633 Bourke St, Surry Hills (Sydney)
Phone: (02) 9699 1011
The last of my Sydney posts (for now)is about the Bourke Street Bakery. My cousin took me there after breakfast at Fifi Foveaux’s, so we weren’t really hungry. But it was on my to-do list, and it was just down the road from where he lives in Surry Hills, so we thought we’d head down anyway.
Apparently the Bourke Street Bakery is now a chain, with other outlets in Ultimo and Marrickville. But as with most places which branch out, the original is often the best. This place is still so good that people line up around the corner just to get their baked wares, and like us, eat them in the park across the road!
Having read about the pork and fennel sausage rolls on Claire’s blog
months ago, I didn’t really need to read what was on offer on the board, or peruse the baked goods for very long. My cousin similarly recommended the pork and fennel sausage rolls, so the choice was pretty much made for me.
I’d also seen these little beauties on Claire’s post, and being a big ginger fan, couldn’t go past them.
The sausage roll didn’t disappoint. The photo doesn’t really do it justice, but trust me when I say this is about three cuts above your average sausage roll.
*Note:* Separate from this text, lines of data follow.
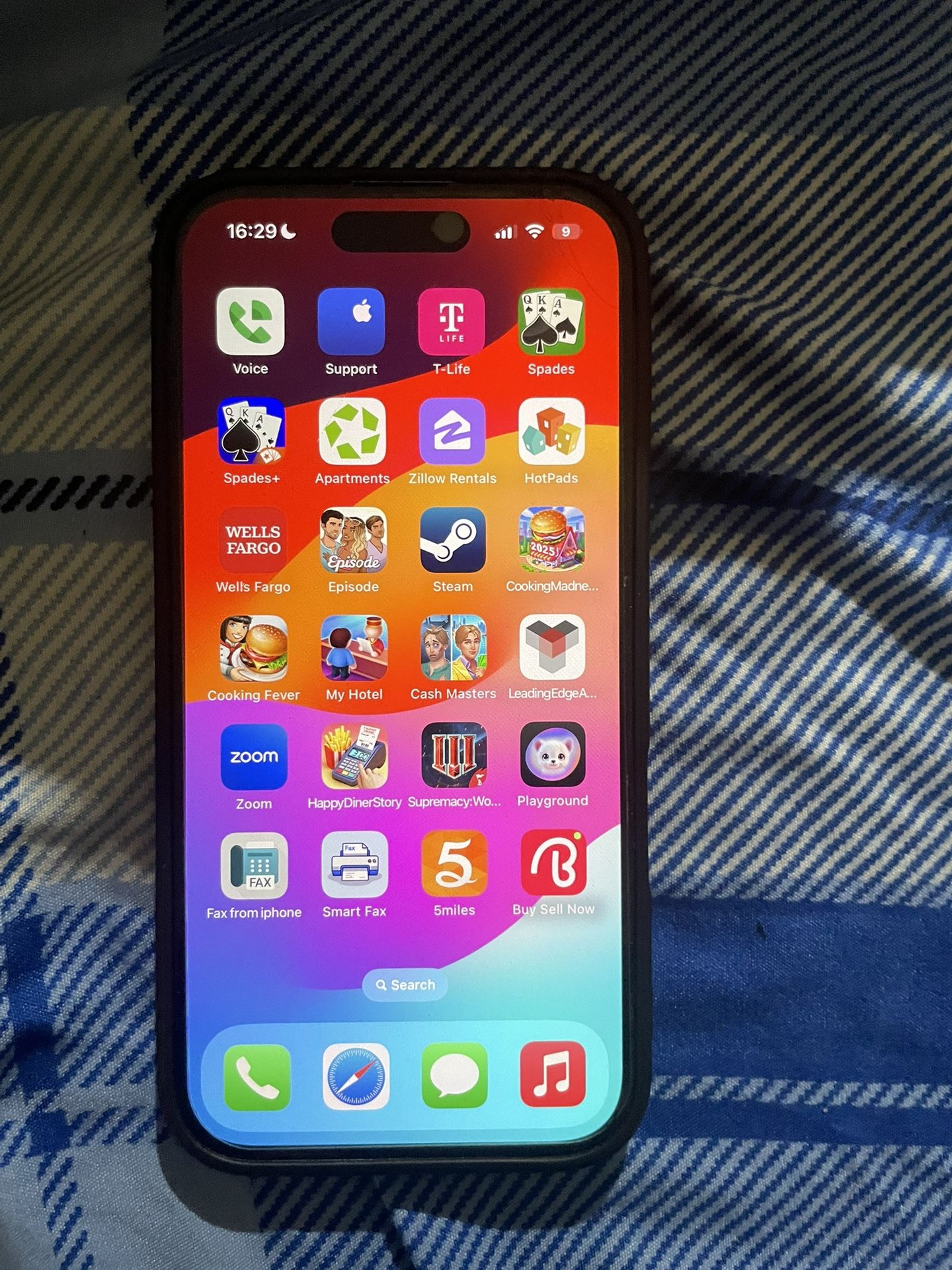 Phone. 16 Unlocked
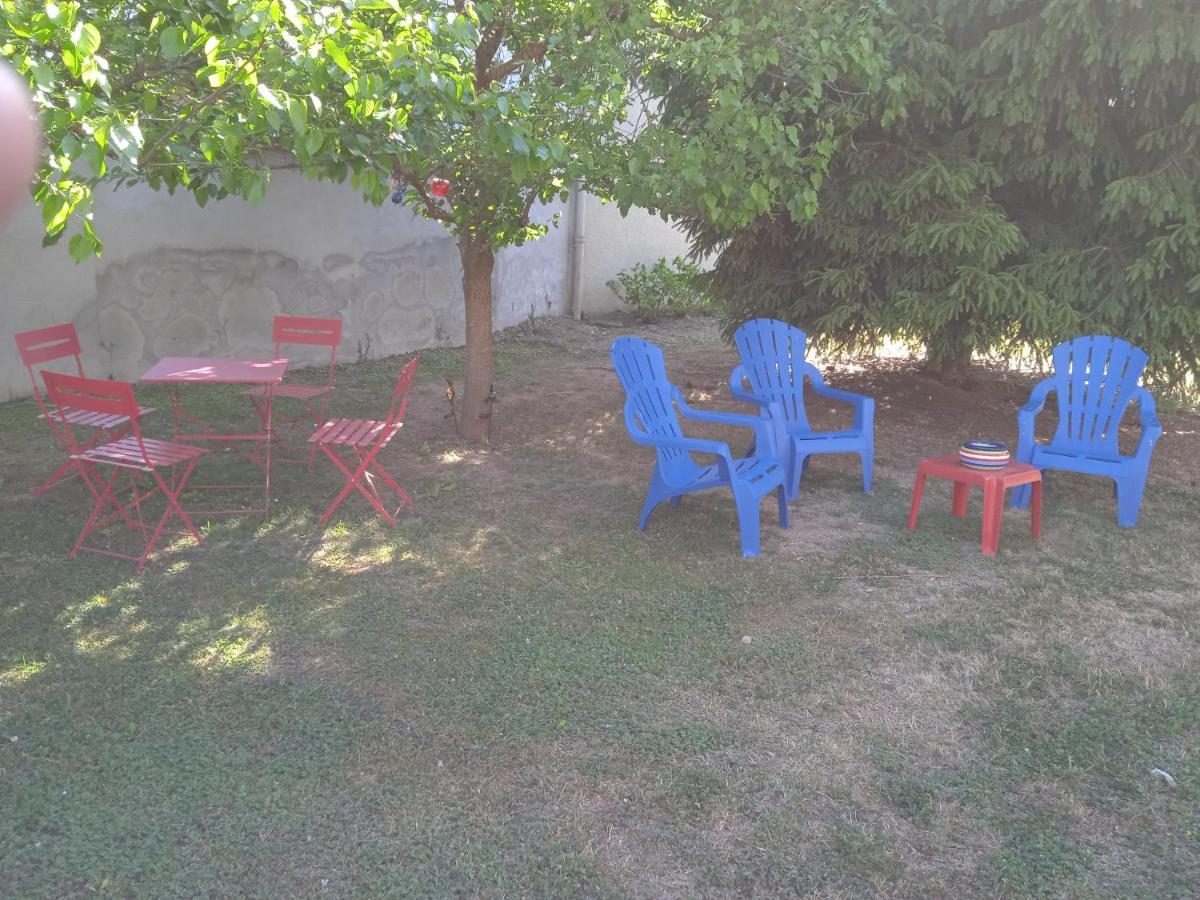 Chambres Des Arrys Bas-en-Basset Buitenkant foto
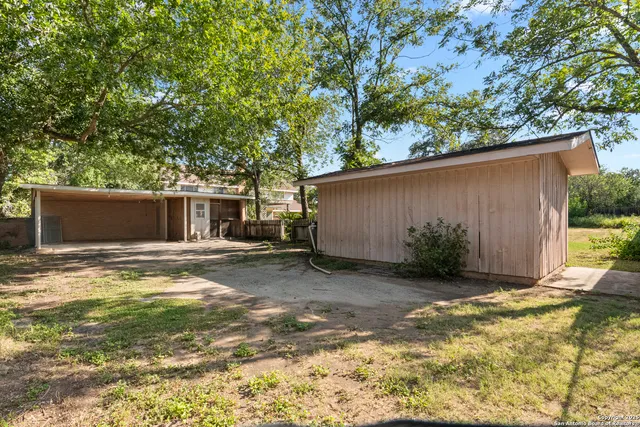 $349,000 | 715 Studer Street, Uvalde, TX 78801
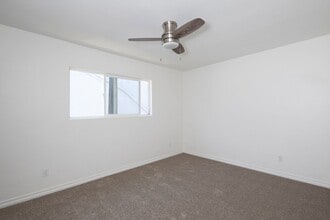 947 Oak Ave in Carlsbad, CA - Building Photo - Building Photo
There’s virtually no flour/breadcrumb filler, so you don’t get that pasty texture, and instead there’s the firm springiness of real mince. The flavour is phenomenal, and the pastry was rich and flaky. It reminded me of a patechaud/pateso
, only substitute the pepper for fennel.
I should note that I managed to get the recipe for these sausage rolls from a friend who has the cookbook
, and have since made them at home. I just used store-bought pastry, but they turned out spectacularly well!
The ginger brulee tart was wonderfully sweet and the custard filling was smooth, though I would have liked a little more of a ginger bite. The brulee top was light and thin, but perfectly crunchy.
If you’re ever in Sydney, get thee to a Bourke Street bakery!